▸ RECORDS TO USE
★ ★ ★ ★ ★ ★ ★

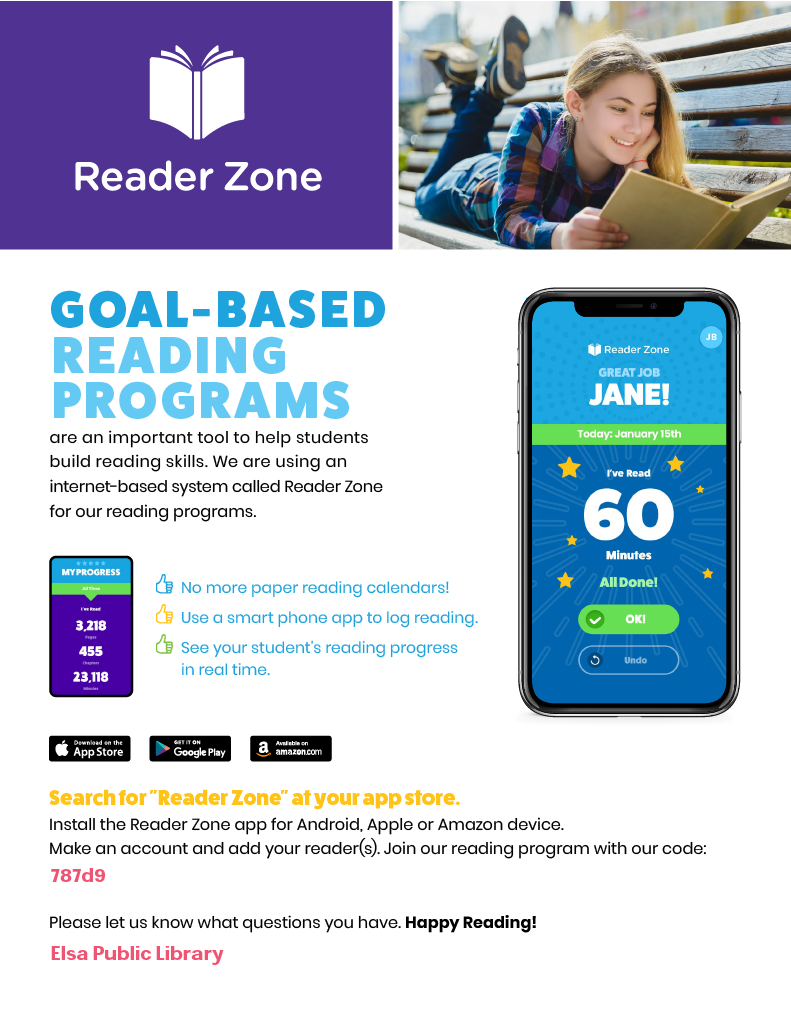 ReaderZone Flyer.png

★ ★ ★ ★ ★ ★ ★

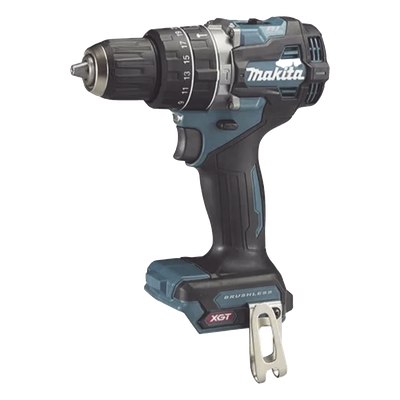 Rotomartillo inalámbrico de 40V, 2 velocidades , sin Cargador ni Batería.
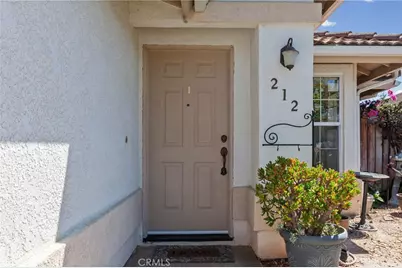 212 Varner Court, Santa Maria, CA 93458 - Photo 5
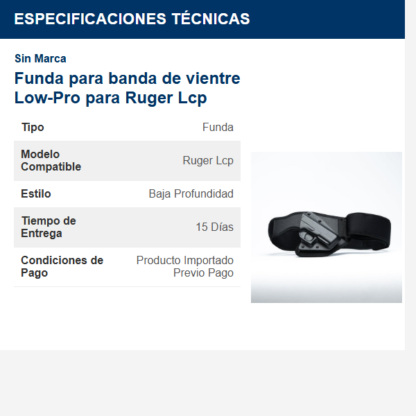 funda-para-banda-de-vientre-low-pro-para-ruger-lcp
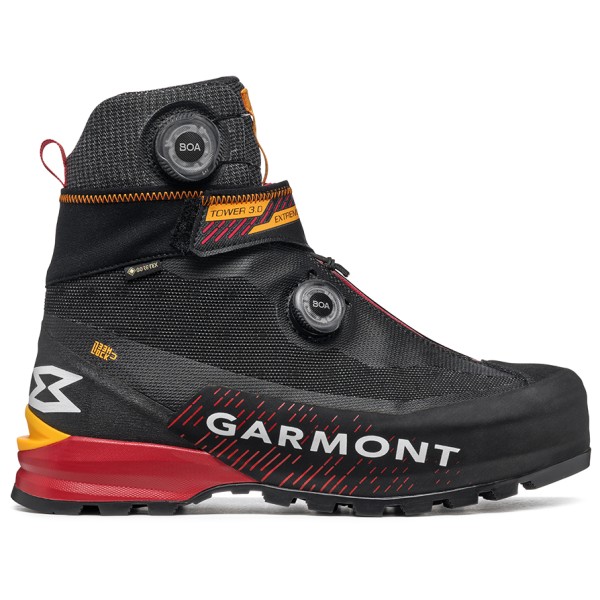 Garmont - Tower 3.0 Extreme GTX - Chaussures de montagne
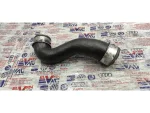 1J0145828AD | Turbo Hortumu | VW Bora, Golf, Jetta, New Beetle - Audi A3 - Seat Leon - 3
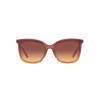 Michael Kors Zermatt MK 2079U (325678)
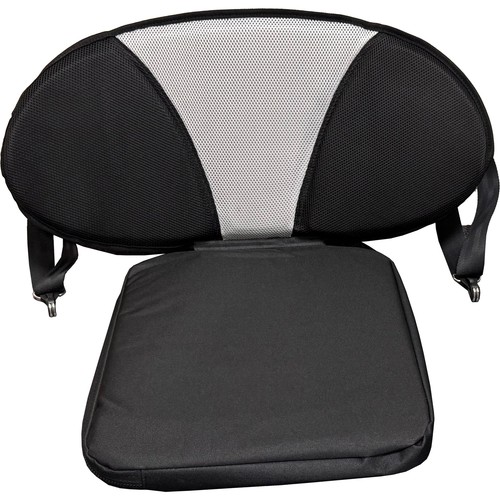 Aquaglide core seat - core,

★ ★ ★ ★ ★ ★ ★

▸ PROBLEM
Reproduce exactly, with no pictures, the lines above from the one holding "1J0145828AD | Turbo" to the one holding "Aquaglide core seat", inclusive.

▸ SOLUTION TO THE PROBLEM
 1J0145828AD | Turbo Hortumu | VW Bora, Golf, Jetta, New Beetle - Audi A3 - Seat Leon - 3
 Michael Kors Zermatt MK 2079U (325678)
 Aquaglide core seat - core,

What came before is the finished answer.